27/05/2021

Justiça Militar da União condena sargento da Marinha por abuso sexual em missão de paz da ONU no Líbano

Um sargento da Marinha do Brasil, integrante da missão de Paz das Nações Unidas (ONU) no Líbano, foi condenado na Justiça Militar da União, em Brasília, a quatro anos, cinco meses e 22 dias de reclusão. Ele foi acusado de abuso sexual, cometido contra duas mulheres libanesas e de divulgação de imagens via aplicativo de mensagens.

O militar também recebeu do Conselho de Justiça Permanente (CPJ), da 1ª Auditoria Militar de Brasília, a pena acessória de exclusão das Forças Armadas. Da decisão ainda cabe recurso ao Superior Tribunal Militar (STM).

Ele foi acusado pelos crimes constranger alguém, sob ameaça, a manter ato libidinoso diverso da conjunção carnal, crime previsto artigo 233 de Código Penal Militar e por divulgação de cena íntima sem autorização, crime previsto no artigo 218-C do Código Penal Brasileiro.

O graduado, que fazia parte do contingente brasileiro da ONU, compondo os chamados blue helmets, onde cada um e todos os membros representam, em primeiro plano, a Organização das Nações Unidas, e, depois, o seu país, teve a pena aumentada em um quinto, justamente por representar a ONU e o Brasil.

O caso ocorreu entre abril e junho de 2019. Segundo o Ministério Público Militar (MPM), o sargento, durante o desempenho de suas funções na missão da Força Interina das Nações Unidas no Líbano (FTM-UNIFIL) conheceu duas mulheres pelo aplicativo de relacionamento Tinder, engatou um relacionamento íntimo com ambas, com a promessa de casamento e moradia no Brasil.

Mas, em determinado momento, constrangeu uma delas, mediante violência e sem consentimento, a praticar consigo ato libidinoso, abusando da confiança nele depositada pela vítima. O militar também teria transmitido a terceiro, via aplicativo de mensagens, sem o consentimento da ofendida, cena de sexo, envolvendo a vítima, identificando-a expressamente como sua namorada.

Em juízo, o militar negou a prática de agressão ou violência e não esclareceu o tipo de relacionamento que mantinha com a Ofendida.

A juíza federal da Justiça Militar da União Flávia Ximenes Aguiar, que presidiu o Conselho de Justiça, composto por mais quatros oficiais da Marinha, arguiu, em seu voto, que a Defesa do militar, num compreensível esforço de inverter o ônus da prova em favor da versão do acusado, sustentou que não haveria prova de que a imagem analisada no processo fosse de uma das vítimas, a fim de justificar a invocação do princípio do in dubio pro reo.

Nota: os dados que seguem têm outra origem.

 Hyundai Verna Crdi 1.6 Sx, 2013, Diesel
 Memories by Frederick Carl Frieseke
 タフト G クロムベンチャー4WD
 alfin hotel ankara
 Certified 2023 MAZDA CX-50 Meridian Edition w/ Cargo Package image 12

Entretanto, disse a Juíza que, ainda que a imagem não estivesse suficientemente associada à mulher, a contraprova aventada pela Defesa somente seria possível por intermédio de violação íntima ainda maior em relação a ofendida, a exigir (o inexigível) que a ofendida, ou mesmo outra pessoa que recebeu as imagens, apresentasse suas partes íntimas para serem comparadas com a foto divulgada, a fim de contradizer a associação de imagens feita.

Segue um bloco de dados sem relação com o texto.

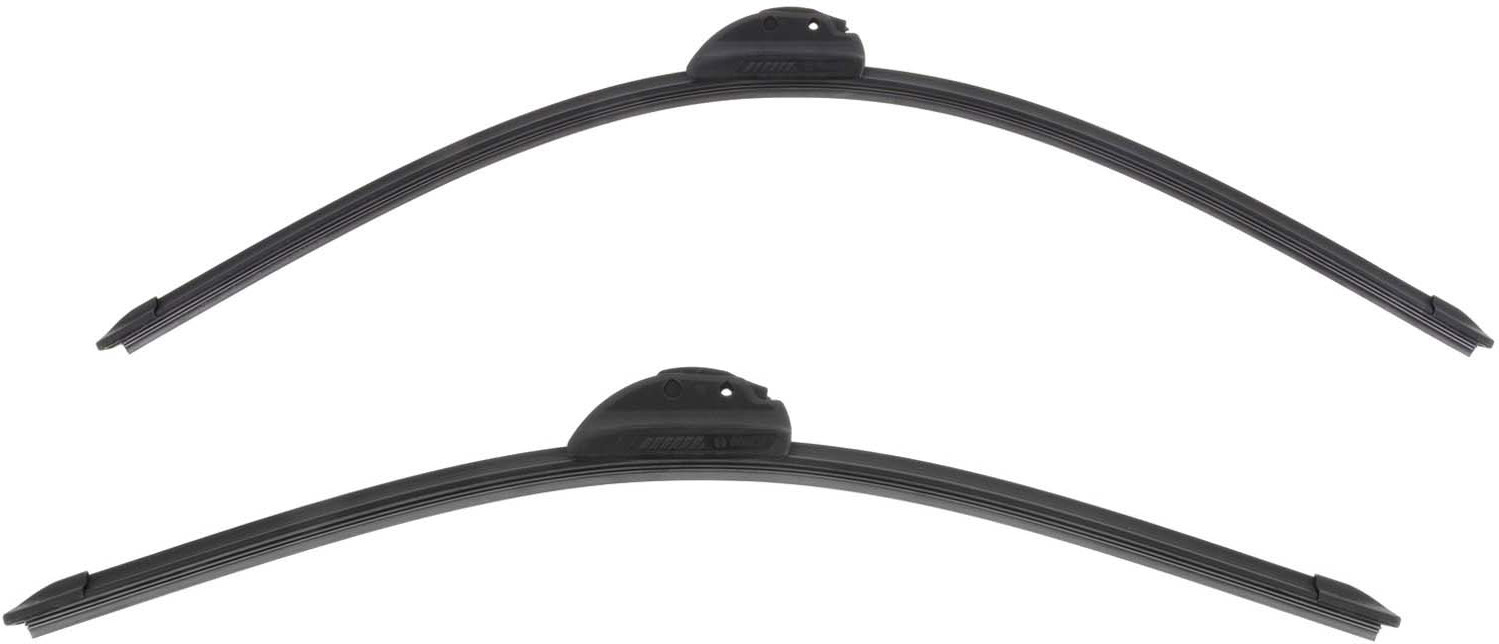 SET-BS28SD-C Front, Driver and Passenger Side Wiper Blades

“Impensável tal possibilidade. Ora, se ele manda uma foto de rosto, abraçado com a vítima, dizendo que esta é a "minha namorada libanesa" e, depois, manda uma foto, mantendo conjunção carnal, e afirma ser esta a sua namorada, então, restou configurada a violação da intimidade da libanesa, uma vez que a imagem do ato sexual foi a ela atribuída, sem chance, no repasse da imagem, de qualquer contestação”.

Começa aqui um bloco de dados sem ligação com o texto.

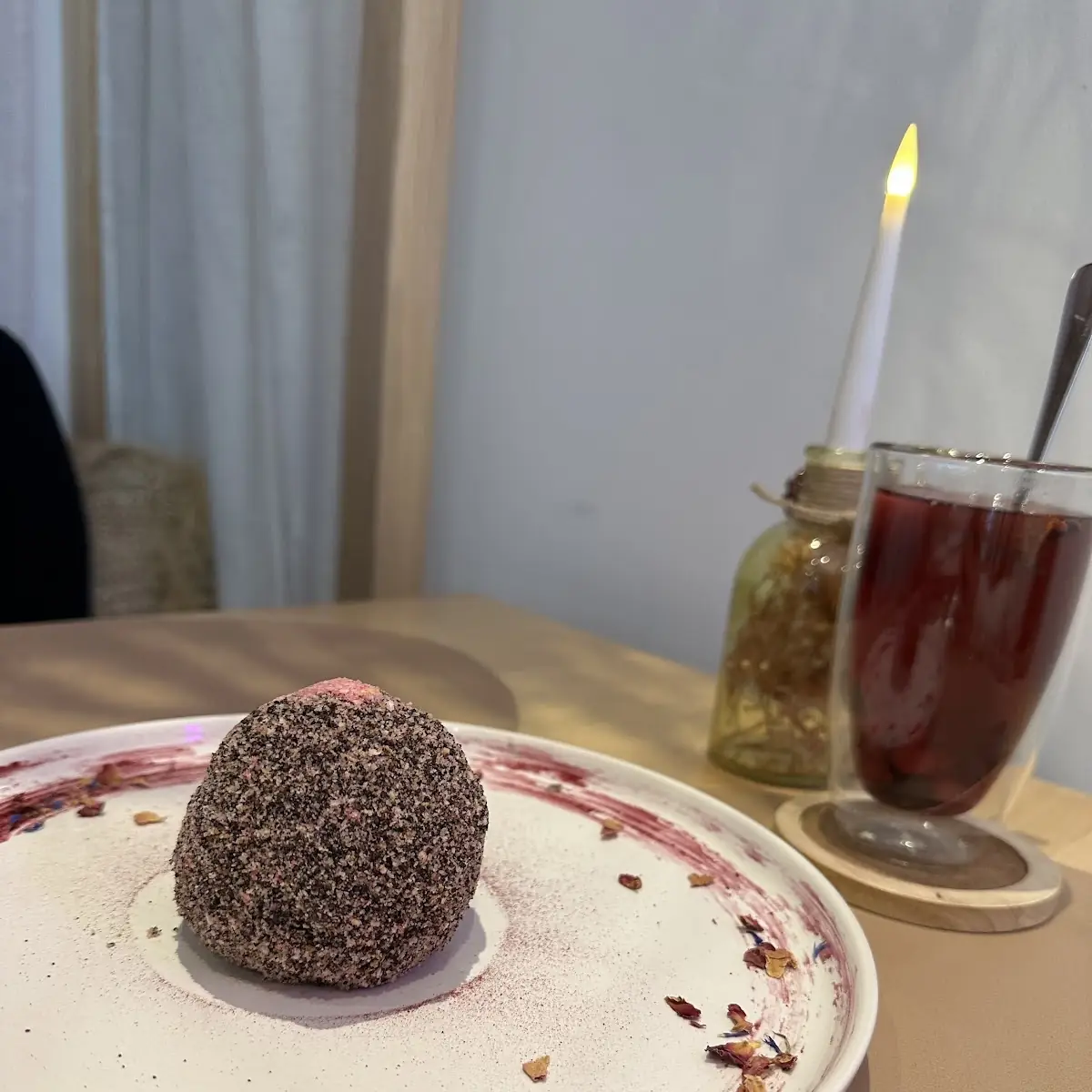 Plum Dumplings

Para a magistrada, todo o arcabouço probatório apontou no sentido de que o acusado, com consciência e vontade, transmitiu o registro fotográfico de cena de sexo, identificando como sendo ele próprio com a libanesa, sem que houvesse consentimento para tal associação de imagens e divulgação.

“Restou evidente que o sargento era "habitué" e vezeiro em aplicativos de relacionamento e expôs o bom nome da Força de Paz e do Brasil ao se envolver, de forma leviana e irresponsável, com as locais, sem um mínimo de preocupação com o desenrolar de suas aventuras, a ponto de a ONU ter acionado as cláusulas do Memorandum of Understanding, para que o Brasil tomasse as providências sobre a noticia criminis registrada naquele Organismo Internacional”.

Os demais juízes do CPJ seguiram o voto da magistrada e condenaram o réu, ao qual foi assegurado o direito de recorrer em liberdade.